What Is Harness Engineering? Control Loops for Reliable AI Agents
Add structured control loops to your AI coding agents with harness engineering — turning unpredictable model output into reliable software delivery.
Harness engineering builds an execution system around an AI coding model — a boundary of tools, checks, and feedback loops that turns a raw language model into a predictable production agent. Without it, an AI agent is just a chat interface with file access. With one, it becomes a governed, observable, recoverable contributor to your engineering team.
The idea draws from control theory: a system senses its output, compares it to a target, and adjusts its behaviour. In AI coding the target is a specification; the output is generated code; the sensor is a verification pipeline; the adjustment is a corrective loop — automatic (re-prompt with error) or manual (human review). This article introduces the key components of a harness and how they compose into a production-ready control loop.
The control loop: sense, compare, correct, approve
Every reliable AI agent runs on some variation of a four-step loop:
| Step | What happens | Example |
|---|---|---|
| Sense | Capture the agent’s output — code diff, file writes, shell commands | git diff --cached after an edit |
| Compare | Check output against acceptance criteria | Run tests, lint, type-check, policy rules |
| Correct | If a check fails, feed the error back to the model with context | Re-prompt with compiler errors and line numbers |
| Approve | If all checks pass, allow the change to proceed | Human approval gate or auto-merge on green |
The harness does not replace the model’s reasoning. It wraps the model in guardrails so mistakes are caught before they reach your codebase.

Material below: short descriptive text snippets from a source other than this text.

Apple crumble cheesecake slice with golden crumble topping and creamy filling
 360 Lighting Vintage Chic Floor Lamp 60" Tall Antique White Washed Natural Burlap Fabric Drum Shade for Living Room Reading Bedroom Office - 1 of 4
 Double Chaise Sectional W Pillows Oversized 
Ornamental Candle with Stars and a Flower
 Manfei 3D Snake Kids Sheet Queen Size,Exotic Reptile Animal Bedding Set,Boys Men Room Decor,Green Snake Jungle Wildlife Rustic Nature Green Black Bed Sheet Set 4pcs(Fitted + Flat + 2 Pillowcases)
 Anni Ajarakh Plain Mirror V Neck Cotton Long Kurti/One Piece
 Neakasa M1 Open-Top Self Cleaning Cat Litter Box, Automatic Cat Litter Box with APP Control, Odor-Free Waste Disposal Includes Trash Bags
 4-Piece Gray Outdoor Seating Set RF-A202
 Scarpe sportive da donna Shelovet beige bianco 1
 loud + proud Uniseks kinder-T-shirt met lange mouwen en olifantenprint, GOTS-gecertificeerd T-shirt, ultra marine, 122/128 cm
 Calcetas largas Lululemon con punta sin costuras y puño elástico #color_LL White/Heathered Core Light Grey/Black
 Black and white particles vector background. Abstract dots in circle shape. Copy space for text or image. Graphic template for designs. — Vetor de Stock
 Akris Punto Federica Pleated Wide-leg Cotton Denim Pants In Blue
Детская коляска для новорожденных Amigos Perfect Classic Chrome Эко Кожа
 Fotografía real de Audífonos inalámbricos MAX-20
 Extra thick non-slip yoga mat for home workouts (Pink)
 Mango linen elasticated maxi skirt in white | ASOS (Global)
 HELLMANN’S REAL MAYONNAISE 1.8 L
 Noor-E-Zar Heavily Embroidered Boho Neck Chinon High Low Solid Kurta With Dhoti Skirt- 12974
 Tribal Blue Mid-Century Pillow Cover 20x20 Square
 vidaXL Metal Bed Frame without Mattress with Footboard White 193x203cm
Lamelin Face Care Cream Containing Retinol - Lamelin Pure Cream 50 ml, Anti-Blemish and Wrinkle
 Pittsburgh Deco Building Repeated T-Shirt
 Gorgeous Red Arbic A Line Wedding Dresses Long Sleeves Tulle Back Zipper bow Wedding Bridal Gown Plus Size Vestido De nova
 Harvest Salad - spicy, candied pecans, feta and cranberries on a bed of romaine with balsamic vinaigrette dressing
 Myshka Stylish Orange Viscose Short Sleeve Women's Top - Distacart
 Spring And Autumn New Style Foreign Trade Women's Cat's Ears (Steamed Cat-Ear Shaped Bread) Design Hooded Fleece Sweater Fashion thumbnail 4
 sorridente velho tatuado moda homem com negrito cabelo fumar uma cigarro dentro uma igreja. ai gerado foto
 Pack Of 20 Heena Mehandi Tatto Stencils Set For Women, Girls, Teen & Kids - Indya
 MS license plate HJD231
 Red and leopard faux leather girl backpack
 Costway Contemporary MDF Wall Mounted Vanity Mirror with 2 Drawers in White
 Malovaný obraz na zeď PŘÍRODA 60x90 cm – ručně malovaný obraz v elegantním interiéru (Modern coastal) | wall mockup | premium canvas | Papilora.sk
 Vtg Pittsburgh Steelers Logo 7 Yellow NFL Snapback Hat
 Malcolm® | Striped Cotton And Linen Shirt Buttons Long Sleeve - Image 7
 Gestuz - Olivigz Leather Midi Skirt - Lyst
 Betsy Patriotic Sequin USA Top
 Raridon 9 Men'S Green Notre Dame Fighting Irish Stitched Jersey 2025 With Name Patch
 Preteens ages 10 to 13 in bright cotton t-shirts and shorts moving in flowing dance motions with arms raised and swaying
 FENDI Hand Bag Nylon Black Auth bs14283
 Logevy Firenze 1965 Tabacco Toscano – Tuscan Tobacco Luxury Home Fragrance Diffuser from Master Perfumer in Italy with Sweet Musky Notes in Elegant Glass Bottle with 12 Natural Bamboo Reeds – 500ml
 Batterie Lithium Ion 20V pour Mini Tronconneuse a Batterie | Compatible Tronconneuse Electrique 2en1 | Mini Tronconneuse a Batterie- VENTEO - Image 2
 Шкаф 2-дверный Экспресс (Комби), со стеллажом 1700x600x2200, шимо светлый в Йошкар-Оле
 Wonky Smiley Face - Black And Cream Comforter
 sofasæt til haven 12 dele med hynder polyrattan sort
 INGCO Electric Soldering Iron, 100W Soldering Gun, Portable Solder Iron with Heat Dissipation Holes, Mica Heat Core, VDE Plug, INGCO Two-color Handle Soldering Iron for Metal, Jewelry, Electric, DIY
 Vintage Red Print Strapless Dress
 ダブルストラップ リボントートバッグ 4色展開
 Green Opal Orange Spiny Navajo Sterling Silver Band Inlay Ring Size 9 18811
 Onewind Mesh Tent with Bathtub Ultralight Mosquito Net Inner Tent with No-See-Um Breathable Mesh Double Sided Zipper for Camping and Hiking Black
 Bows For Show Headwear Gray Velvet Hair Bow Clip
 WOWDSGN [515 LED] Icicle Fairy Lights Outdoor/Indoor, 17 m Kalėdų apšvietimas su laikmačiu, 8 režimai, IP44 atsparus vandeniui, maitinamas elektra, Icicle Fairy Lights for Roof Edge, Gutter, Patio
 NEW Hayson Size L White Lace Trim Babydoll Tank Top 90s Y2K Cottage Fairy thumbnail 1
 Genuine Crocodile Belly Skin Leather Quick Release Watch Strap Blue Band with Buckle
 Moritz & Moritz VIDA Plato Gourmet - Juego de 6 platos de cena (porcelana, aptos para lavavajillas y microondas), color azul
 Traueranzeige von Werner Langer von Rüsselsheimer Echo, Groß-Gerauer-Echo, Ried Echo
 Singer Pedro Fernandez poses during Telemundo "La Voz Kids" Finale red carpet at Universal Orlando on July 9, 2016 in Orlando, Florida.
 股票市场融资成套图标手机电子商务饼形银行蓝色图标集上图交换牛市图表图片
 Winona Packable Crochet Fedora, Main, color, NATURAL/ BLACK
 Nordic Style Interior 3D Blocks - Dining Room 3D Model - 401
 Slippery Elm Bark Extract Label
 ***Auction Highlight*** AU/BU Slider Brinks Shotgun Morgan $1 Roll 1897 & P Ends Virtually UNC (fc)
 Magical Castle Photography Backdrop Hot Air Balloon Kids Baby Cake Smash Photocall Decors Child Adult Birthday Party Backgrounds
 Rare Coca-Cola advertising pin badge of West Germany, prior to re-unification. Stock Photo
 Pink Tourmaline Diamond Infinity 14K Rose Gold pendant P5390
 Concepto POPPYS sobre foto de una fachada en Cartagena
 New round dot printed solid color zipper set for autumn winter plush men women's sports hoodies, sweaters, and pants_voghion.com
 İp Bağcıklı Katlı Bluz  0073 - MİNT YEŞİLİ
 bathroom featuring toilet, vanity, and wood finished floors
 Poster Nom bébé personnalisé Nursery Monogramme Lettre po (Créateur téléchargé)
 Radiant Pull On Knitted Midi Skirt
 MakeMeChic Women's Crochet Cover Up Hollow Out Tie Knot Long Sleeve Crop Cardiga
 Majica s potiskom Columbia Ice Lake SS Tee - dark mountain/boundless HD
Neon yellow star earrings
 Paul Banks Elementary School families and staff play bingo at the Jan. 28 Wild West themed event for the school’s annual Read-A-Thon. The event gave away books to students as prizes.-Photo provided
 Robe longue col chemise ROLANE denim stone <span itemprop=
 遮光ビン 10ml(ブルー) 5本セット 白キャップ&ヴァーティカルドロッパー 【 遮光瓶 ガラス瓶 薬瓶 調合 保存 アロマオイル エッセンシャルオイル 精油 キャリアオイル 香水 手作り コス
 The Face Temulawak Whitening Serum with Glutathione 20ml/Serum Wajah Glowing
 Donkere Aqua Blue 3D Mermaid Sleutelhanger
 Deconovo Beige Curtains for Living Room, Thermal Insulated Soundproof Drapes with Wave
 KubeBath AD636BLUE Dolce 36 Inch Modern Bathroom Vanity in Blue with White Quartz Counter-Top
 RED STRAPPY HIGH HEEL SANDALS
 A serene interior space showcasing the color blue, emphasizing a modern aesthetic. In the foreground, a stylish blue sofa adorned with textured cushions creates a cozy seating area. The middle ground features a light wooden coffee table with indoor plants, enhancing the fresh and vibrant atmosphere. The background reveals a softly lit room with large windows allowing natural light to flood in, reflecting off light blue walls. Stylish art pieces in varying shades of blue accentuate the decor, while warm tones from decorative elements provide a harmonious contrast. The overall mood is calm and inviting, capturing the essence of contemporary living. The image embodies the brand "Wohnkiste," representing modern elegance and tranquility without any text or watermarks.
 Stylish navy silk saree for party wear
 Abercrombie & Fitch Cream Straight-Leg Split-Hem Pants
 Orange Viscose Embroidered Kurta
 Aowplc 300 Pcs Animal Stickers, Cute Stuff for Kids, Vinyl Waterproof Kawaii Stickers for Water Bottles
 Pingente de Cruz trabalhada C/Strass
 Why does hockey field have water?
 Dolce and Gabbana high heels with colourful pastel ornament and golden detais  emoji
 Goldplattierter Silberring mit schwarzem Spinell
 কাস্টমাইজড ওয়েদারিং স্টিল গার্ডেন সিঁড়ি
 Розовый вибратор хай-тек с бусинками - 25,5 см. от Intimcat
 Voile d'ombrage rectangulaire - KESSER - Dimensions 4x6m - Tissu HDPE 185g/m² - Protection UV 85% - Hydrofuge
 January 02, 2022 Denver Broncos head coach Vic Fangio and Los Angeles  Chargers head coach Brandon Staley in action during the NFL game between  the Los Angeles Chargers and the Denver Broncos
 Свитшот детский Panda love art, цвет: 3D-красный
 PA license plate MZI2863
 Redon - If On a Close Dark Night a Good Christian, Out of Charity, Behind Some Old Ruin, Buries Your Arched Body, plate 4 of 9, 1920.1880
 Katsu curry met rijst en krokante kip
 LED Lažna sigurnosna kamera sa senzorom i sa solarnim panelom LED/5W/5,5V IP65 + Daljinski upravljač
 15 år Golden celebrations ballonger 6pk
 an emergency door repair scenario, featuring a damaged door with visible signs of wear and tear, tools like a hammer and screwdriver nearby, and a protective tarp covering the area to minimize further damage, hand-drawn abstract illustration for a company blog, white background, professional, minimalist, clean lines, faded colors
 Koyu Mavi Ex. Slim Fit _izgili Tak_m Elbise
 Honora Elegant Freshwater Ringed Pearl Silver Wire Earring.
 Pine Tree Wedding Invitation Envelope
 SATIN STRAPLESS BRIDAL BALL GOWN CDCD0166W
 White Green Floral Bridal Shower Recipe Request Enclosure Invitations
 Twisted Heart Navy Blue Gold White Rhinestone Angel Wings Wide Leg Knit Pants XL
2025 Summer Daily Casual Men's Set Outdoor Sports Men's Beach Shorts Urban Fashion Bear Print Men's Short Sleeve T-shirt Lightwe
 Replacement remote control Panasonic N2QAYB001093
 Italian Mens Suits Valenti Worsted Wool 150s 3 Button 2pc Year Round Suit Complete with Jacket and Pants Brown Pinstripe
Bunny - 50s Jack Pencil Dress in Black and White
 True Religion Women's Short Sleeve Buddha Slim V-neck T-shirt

Consider the simplest possible harness: a shell script that passes the model’s output through a linter before accepting it.
#!/bin/bash
# Minimal verification gate: run lint after every AI edit
lint_output=$(npx eslint . 2>&1)
if [ $? -ne 0 ]; then
echo "Lint failed. Feeding errors back to model..."
echo "$lint_output" | your-ai-repair-tool --context "Fix these lint errors"
exit 1
fi
echo "Lint passed. Change accepted."
What goes into a production-grade harness
Verification pipeline. Deterministic checks — unit tests, type checking, lint rules — paired with inferential checks such as an independent model review or security scan. The deterministic checks catch what they can; the inferential checks catch edge cases and logic errors. The Harness Engineering book calls this “sensor fusion” — combining multiple signals for a more reliable verdict than any single check can provide.
State and continuity. An agent needs context to do its job: the current file tree, recent conversation history, environment variables, and any artefacts from previous steps. The harness manages this state so the agent does not lose its place across iterations or interruptions.
Observability. Every action the agent takes should be logged: what prompt it received, what code it generated, which checks passed or failed, and how long each step took. Without it, you cannot debug a bad output or measure whether your harness improves reliability. Tools such as OpenTelemetry provide a standard way to collect this telemetry from agent workflows, just as they do for distributed systems.
Recovery. When an agent enters a bad state — infinite loop, corrupted file, invalid configuration — the harness must be able to reset or roll back. This usually means snapshotting the workspace before each agent action and providing a rollback command.
Governance. Policy rules that the agent cannot override: never write to production credentials, never modify CI/CD configuration without approval, never exceed a cost budget. These rules are encoded in the harness, not in the prompt, so they apply regardless of what the model decides to do.
Ad hoc prompting vs harness engineering
| Ad hoc prompting | Harness engineering | |
|---|---|---|
| Verification | Manual review, no gate | Automated pipeline, gate per step |
| Error recovery | Start a new chat, lose context | Re-prompt with error context, preserve state |
| Observability | Screenshots and memory | Structured logs and metrics |
| Governance | Whatever the model agrees to | Enforced policy, cannot be bypassed |
| Repeatability | Every session is different | Same harness, consistent behaviour |
For teams adopting agentic coding workflows — discussed in Agentic Coding Pro — the shift to harnessed prompting is the highest-leverage investment. It does not require better models. It requires better systems around the models you already have.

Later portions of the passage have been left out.